◆ **Data excerpts**
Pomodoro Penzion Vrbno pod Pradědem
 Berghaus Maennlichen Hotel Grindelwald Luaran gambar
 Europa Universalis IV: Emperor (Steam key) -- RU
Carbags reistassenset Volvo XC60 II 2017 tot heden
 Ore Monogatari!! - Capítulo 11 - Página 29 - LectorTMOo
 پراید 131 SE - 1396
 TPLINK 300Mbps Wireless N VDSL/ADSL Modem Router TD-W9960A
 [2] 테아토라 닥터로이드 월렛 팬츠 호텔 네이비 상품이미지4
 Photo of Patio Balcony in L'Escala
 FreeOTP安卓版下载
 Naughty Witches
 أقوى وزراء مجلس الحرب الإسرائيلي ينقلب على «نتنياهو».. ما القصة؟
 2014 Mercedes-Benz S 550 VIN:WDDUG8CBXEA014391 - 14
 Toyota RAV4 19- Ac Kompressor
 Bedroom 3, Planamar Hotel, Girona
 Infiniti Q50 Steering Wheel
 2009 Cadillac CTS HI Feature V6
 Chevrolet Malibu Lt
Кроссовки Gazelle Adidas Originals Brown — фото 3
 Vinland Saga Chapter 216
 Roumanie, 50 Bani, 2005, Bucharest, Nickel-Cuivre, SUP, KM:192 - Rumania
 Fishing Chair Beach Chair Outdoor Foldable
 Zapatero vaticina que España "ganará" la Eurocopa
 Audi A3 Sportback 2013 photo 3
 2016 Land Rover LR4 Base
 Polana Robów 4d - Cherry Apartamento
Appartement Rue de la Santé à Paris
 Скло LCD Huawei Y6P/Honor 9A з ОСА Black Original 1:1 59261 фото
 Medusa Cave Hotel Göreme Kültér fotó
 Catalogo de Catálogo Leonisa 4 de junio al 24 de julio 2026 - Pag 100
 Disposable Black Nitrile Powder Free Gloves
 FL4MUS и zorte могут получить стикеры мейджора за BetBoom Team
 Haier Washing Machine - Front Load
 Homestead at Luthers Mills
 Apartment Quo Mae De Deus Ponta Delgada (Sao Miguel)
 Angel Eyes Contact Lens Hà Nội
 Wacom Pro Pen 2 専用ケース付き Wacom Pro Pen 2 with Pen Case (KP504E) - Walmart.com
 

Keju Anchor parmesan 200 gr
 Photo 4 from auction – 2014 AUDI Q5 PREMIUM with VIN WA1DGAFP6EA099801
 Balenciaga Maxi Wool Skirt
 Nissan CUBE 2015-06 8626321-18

◆ **Your goal**
Whenever the string "with" shows up in a line above, copy that line.

◆ **Solution below**
 Wacom Pro Pen 2 専用ケース付き Wacom Pro Pen 2 with Pen Case (KP504E) - Walmart.com
 Photo 4 from auction – 2014 AUDI Q5 PREMIUM with VIN WA1DGAFP6EA099801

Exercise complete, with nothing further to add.